Step 1: Add Lineage Metadata
Every record needs an audit trail showing where it came from, when it was processed, and which node handled it. This replaces manual DataStage annotations with automatic lineage injection.
The Goal
Add a _lineage object to every record containing:
- Source system identifier
- Source table name
- Pipeline name
- Extraction timestamp
- Processing node ID
Why This Matters
Regulatory Compliance: Financial regulators require complete data lineage for audit purposes.
Debugging: When data looks wrong in BigQuery, trace it back to the exact source record.

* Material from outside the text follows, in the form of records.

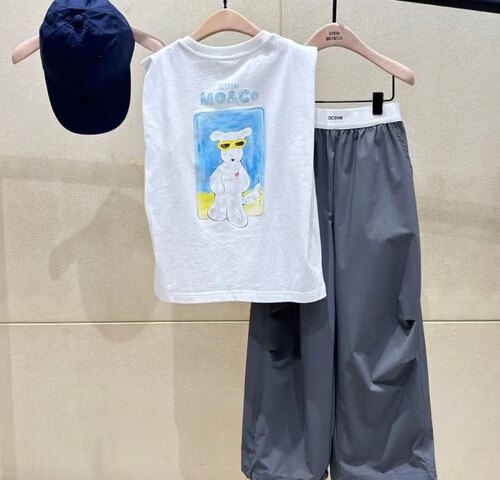 littlemoco专柜正品26年夏款男女童萌宠狗无袖宽松T恤KBF2VET003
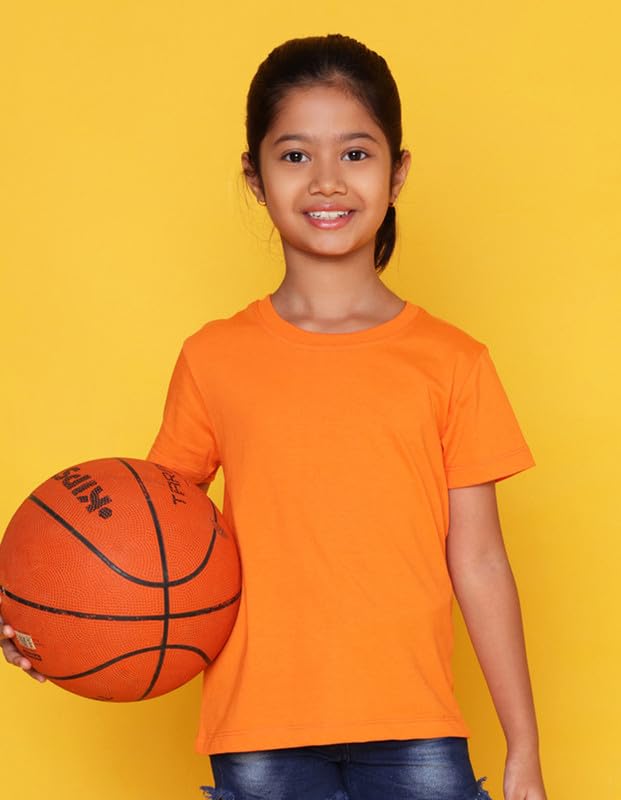 Nusyl Girls Half Sleeves Solid T-Shirt for Kids | Soft Cotton Blend | Comfortable Regular Fit | Casual 2-16 Years | Orange - Image 2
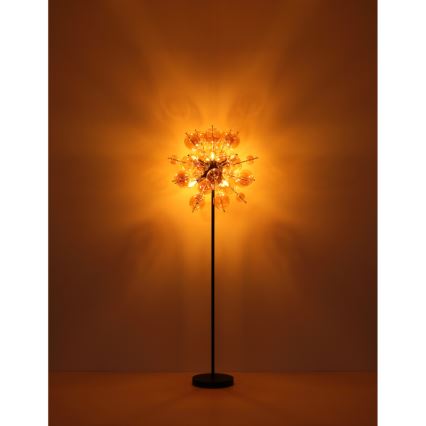 Globo - Lampa podłogowa 6xE14/25W/230V brązowy/dymny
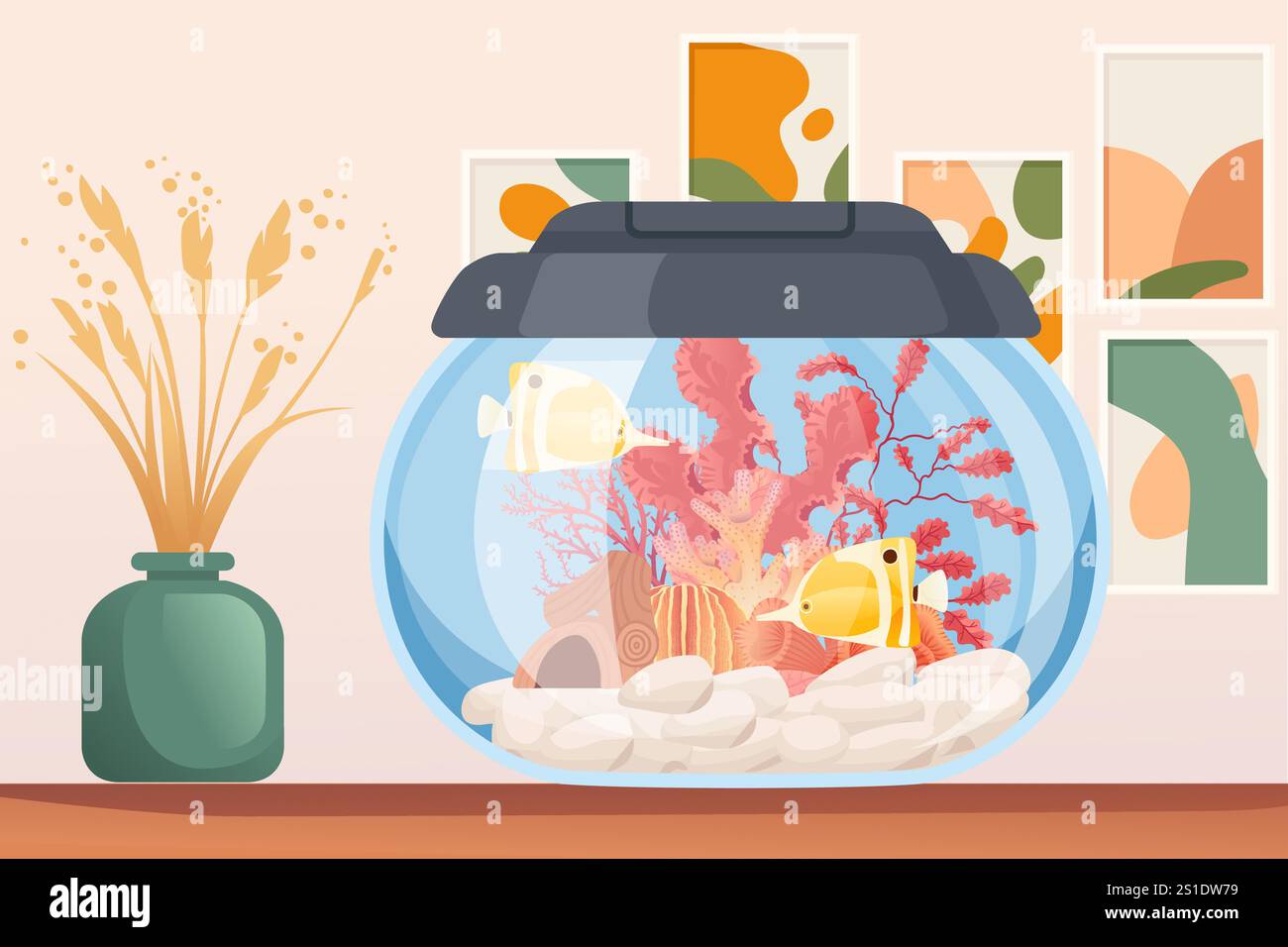 Vektor-Set von Unterwasserpflanzen. Lustige Illustrationen im Cartoon-Stil isolieren auf weiß Stock-Vektorgrafik
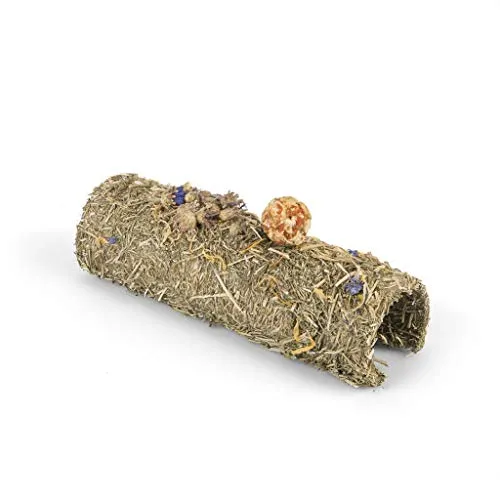 PUUR Heu-Tunnel-Parsel/Blumen, 60 g, für kleine Tiere, Hamster, Ratten, Rennmäuse, Degu, Packung mit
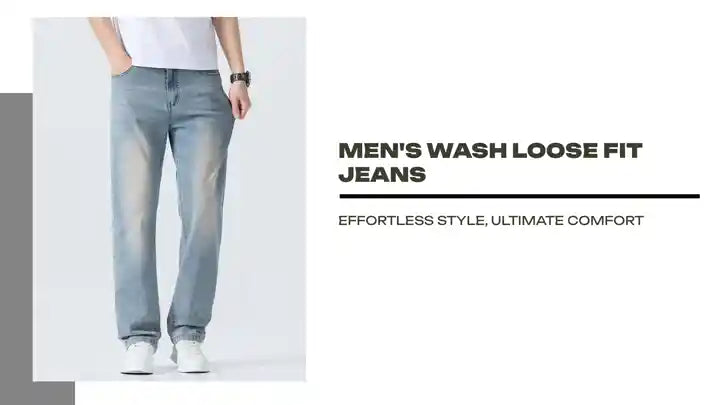 Men&#039;s Wash Loose Fit Jeans by@Outfy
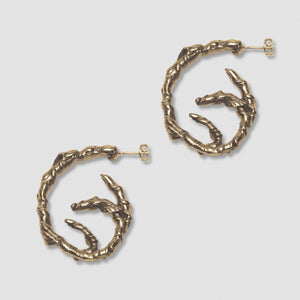 Coiled Ivy Earrings -  Bronze and Sterling Silver post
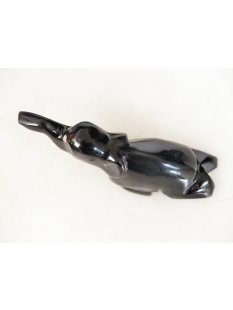 Hornfigur Elefant schwarz poliert 8 cm = Code B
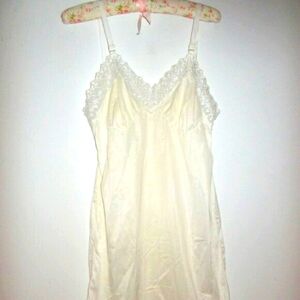 80s white eyelet trim Negligee S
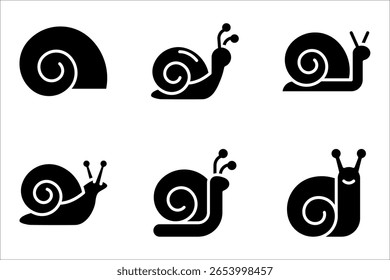 Snail Icon set. Slug in Shell Crawl Glyph Pictogram. Helix Slow Icon. vector illustration on white background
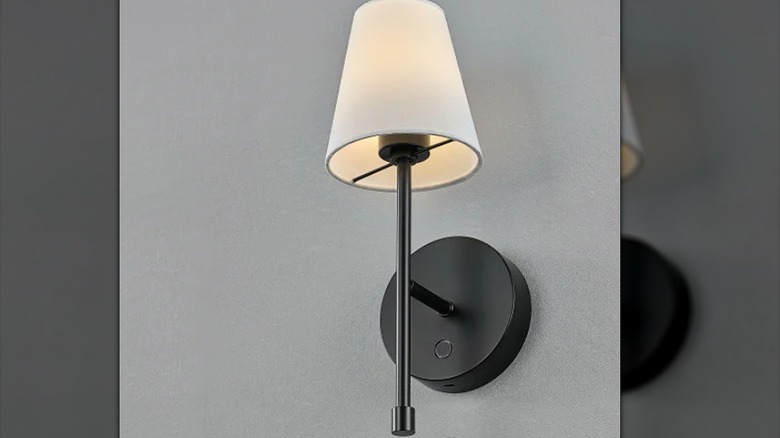 Black wall sconce with white shade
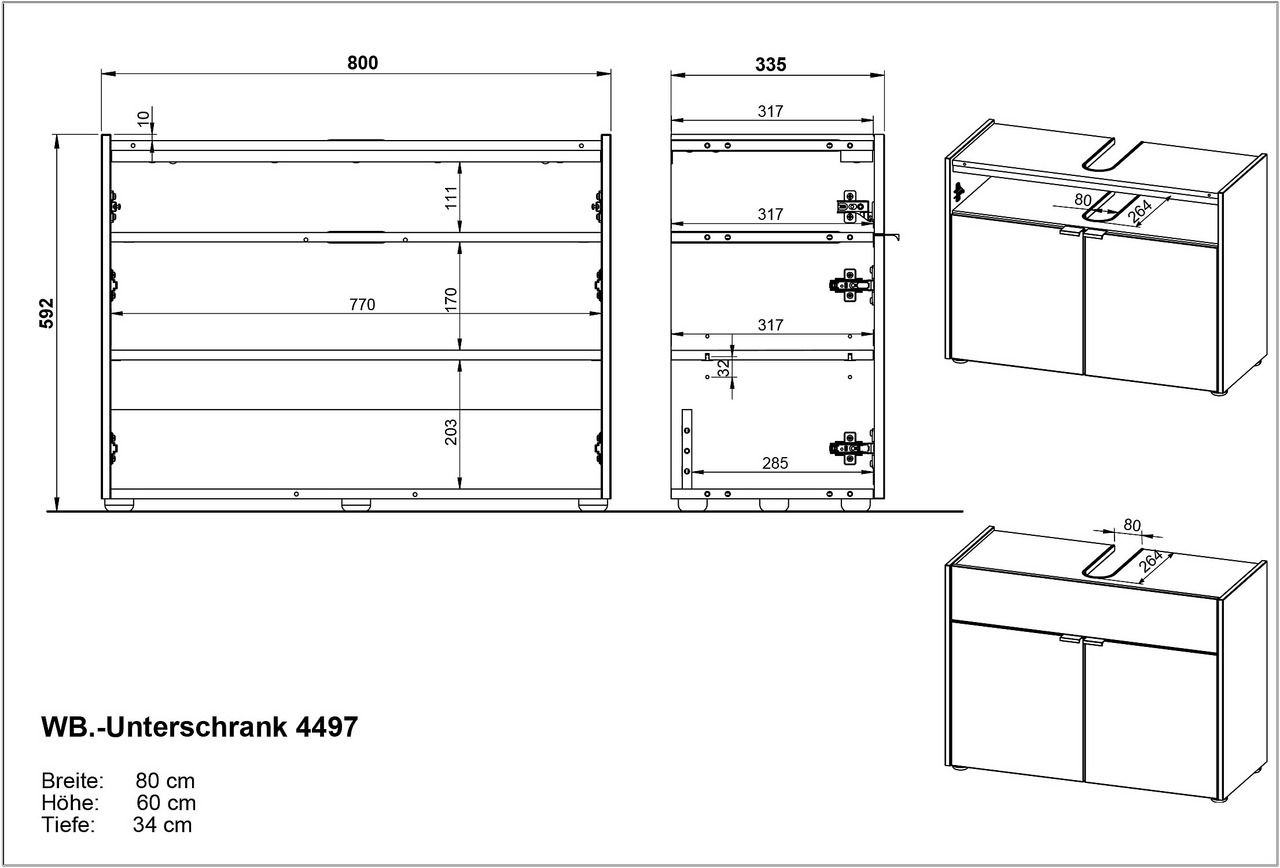 MID.YOU Waschbeckenunterschrank FORANO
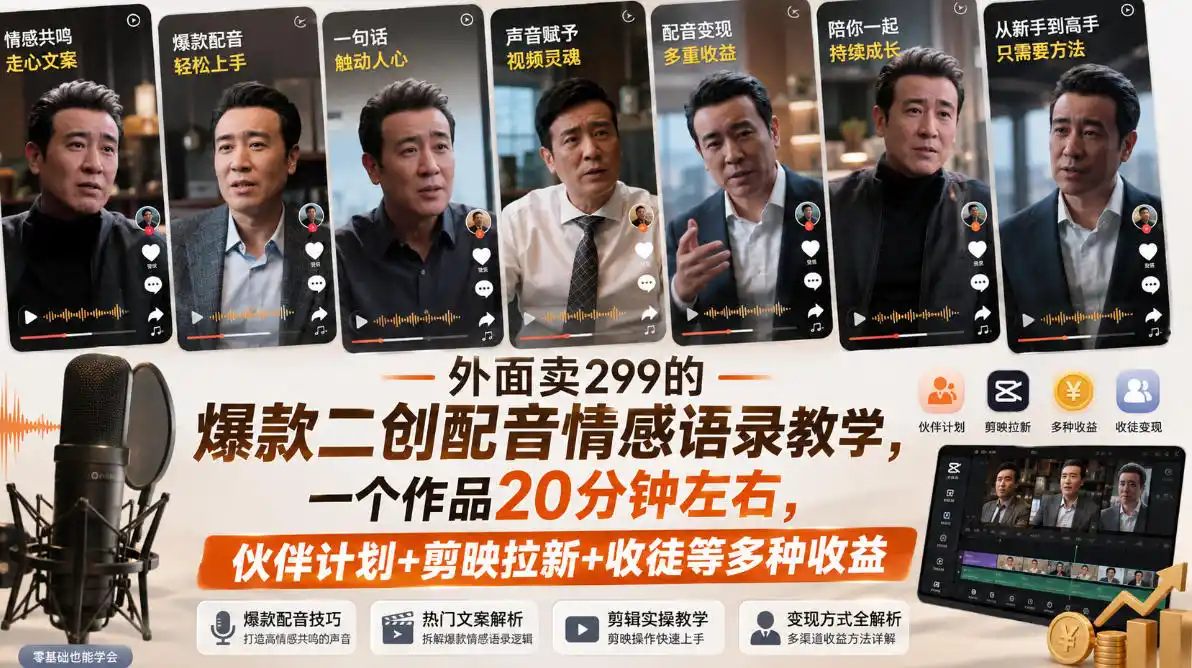 外面卖299的爆款二创配音情感语录教学，一个作品20分钟左右，伙伴计划 剪映拉新 收徒等多种收益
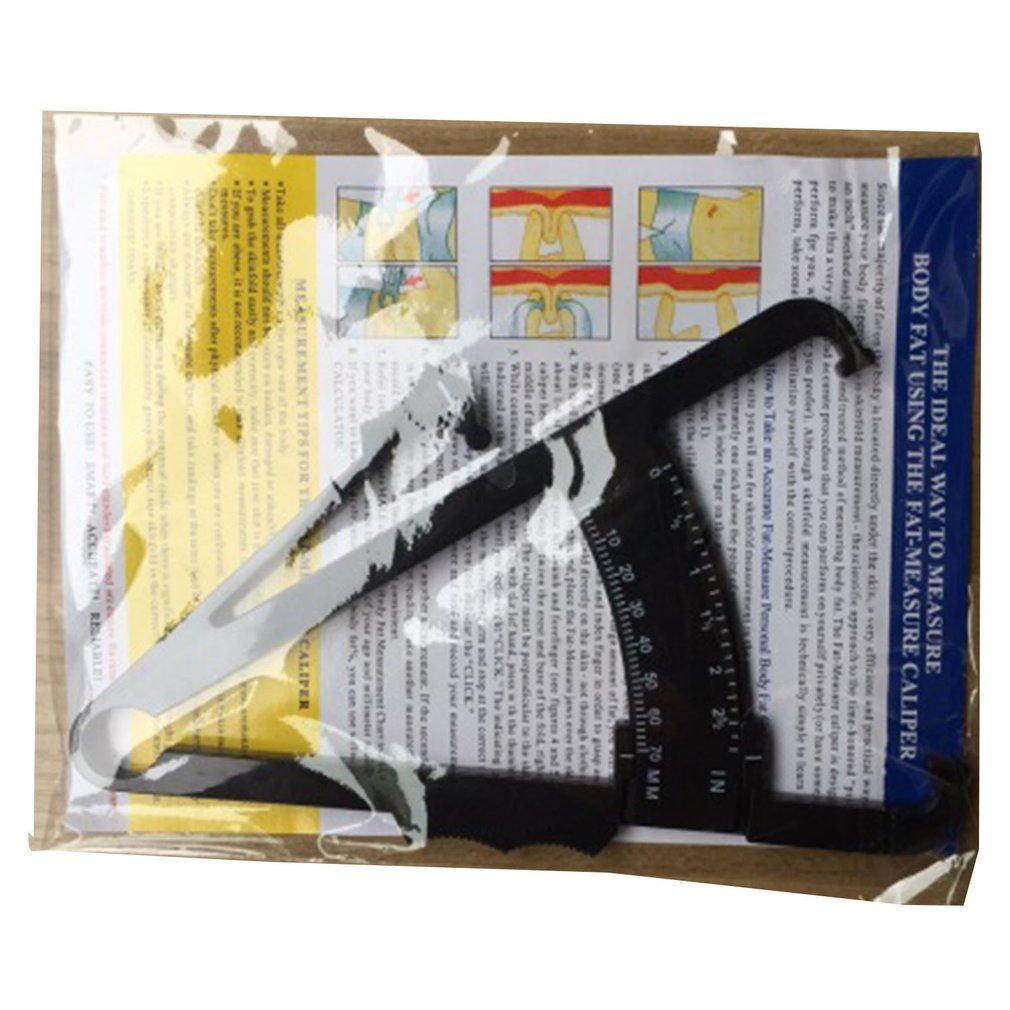Body Fat Caliper Mass Measuring Skinfold Health Care Tools Square Black-black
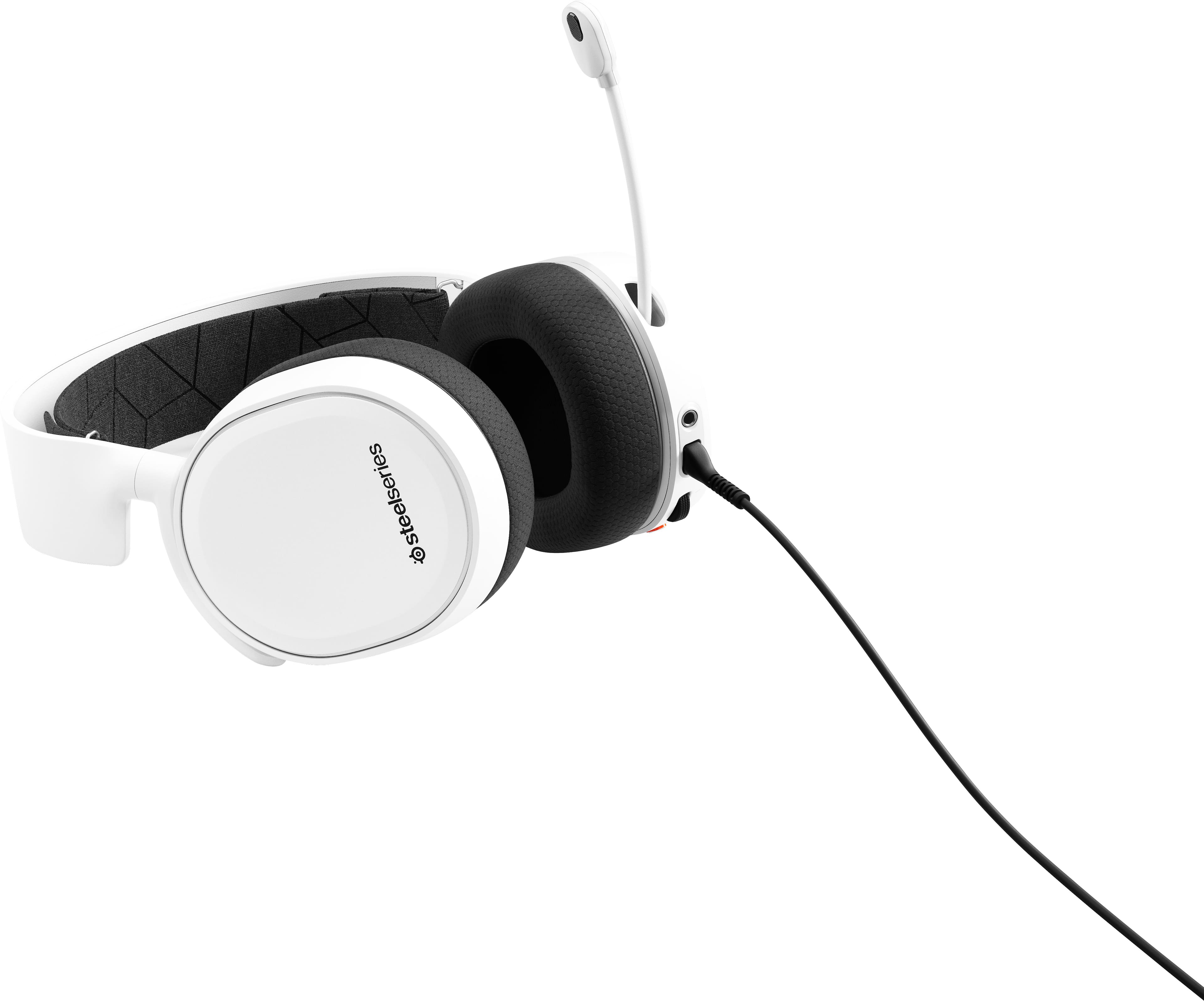 Left. SteelSeries - Arctis 3 Wired Gaming Headset for PS5 and PS4 - White.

Multi-Node Deployments: Know which edge node processed each record.
DataStage Equivalent
In DataStage, you'd typically:
- Create custom annotations in job properties
- Use a Transformer to add metadata columns
- Maintain a separate lineage table
Expanso simplifies this to a single mapping processor.
Implementation
-
Copy the foundation pipeline:
cp db2-foundation.yaml step-1-lineage.yaml -
Add the lineage processor:
step-1-lineage.yamlpipeline:
processors:
- mapping: |
root = this
root._lineage = {
"source_system": "DB2_PROD",
"source_table": "TRANSACTIONS",
"pipeline": "db2-to-bigquery-transactions",
"extracted_at": now(),
"node_id": env("NODE_ID").or("unknown")
} -
Test the transformation:
NODE_ID=edge-node-test expanso-edge run --config step-1-lineage.yaml
Understanding the Code
| Expression | What It Does |
|---|---|
root = this | Start with the original record |
root._lineage = {...} | Add a new nested object |
now() | Current UTC timestamp |
env("NODE_ID") | Read environment variable |
.or("unknown") | Fallback if env var not set |
Expected Output
Input:
{
"TRANSACTION_ID": "TXN-2024-00123456",
"ACCOUNT_NUMBER": "4532-1234-5678-9012",
...
}
Output:
{
"TRANSACTION_ID": "TXN-2024-00123456",
"ACCOUNT_NUMBER": "4532-1234-5678-9012",
...
"_lineage": {
"source_system": "DB2_PROD",
"source_table": "TRANSACTIONS",
"pipeline": "db2-to-bigquery-transactions",
"extracted_at": "2024-01-16T02:00:00Z",
"node_id": "edge-node-test"
}
}
Production Considerations
Dynamic Source Tracking
For pipelines reading from multiple tables:
- mapping: |
root = this
root._lineage = {
"source_system": meta("source_system").or("DB2_PROD"),
"source_table": meta("table_name").or("UNKNOWN"),
"pipeline": "db2-to-bigquery-transactions",
"extracted_at": now(),
"node_id": env("NODE_ID").or("unknown")
}
Lineage Versioning
Track pipeline version for debugging migrations:
root._lineage.pipeline_version = "2.1.0"
root._lineage.config_hash = "a1b2c3d4"